**Data provided**
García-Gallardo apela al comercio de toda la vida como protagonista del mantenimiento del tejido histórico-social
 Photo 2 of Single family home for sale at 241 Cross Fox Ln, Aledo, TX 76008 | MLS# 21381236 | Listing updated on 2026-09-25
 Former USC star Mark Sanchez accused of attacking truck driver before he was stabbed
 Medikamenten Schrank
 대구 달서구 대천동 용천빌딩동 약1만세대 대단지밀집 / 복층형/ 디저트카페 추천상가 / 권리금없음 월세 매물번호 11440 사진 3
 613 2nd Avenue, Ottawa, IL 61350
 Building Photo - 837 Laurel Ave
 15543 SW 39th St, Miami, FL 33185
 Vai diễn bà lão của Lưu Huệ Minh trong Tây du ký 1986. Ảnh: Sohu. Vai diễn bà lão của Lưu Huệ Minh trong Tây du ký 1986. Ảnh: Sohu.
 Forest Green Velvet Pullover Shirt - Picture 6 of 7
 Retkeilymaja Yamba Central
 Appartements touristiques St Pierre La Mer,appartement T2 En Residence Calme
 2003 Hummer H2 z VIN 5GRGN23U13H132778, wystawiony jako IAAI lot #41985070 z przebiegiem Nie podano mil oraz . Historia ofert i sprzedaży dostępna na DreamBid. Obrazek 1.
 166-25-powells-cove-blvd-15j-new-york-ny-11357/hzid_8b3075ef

**Prompt**
Repeat the material exactly. Begin with its first line and end with the line that has "Appartements touristiques St".

**Completed exercise**
García-Gallardo apela al comercio de toda la vida como protagonista del mantenimiento del tejido histórico-social
 Photo 2 of Single family home for sale at 241 Cross Fox Ln, Aledo, TX 76008 | MLS# 21381236 | Listing updated on 2026-09-25
 Former USC star Mark Sanchez accused of attacking truck driver before he was stabbed
 Medikamenten Schrank
 대구 달서구 대천동 용천빌딩동 약1만세대 대단지밀집 / 복층형/ 디저트카페 추천상가 / 권리금없음 월세 매물번호 11440 사진 3
 613 2nd Avenue, Ottawa, IL 61350
 Building Photo - 837 Laurel Ave
 15543 SW 39th St, Miami, FL 33185
 Vai diễn bà lão của Lưu Huệ Minh trong Tây du ký 1986. Ảnh: Sohu. Vai diễn bà lão của Lưu Huệ Minh trong Tây du ký 1986. Ảnh: Sohu.
 Forest Green Velvet Pullover Shirt - Picture 6 of 7
 Retkeilymaja Yamba Central
 Appartements touristiques St Pierre La Mer,appartement T2 En Residence Calme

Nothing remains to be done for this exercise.